• _THE PROBLEM_
Reproduce the entire listing below verbatim.

• _SUPPLIED DATA_
---+---

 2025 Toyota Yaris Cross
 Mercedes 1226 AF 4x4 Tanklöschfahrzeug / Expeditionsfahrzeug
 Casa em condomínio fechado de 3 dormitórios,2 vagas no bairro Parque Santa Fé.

---+---

• _RESPONSE BOX_
 2025 Toyota Yaris Cross
 Mercedes 1226 AF 4x4 Tanklöschfahrzeug / Expeditionsfahrzeug
 Casa em condomínio fechado de 3 dormitórios,2 vagas no bairro Parque Santa Fé.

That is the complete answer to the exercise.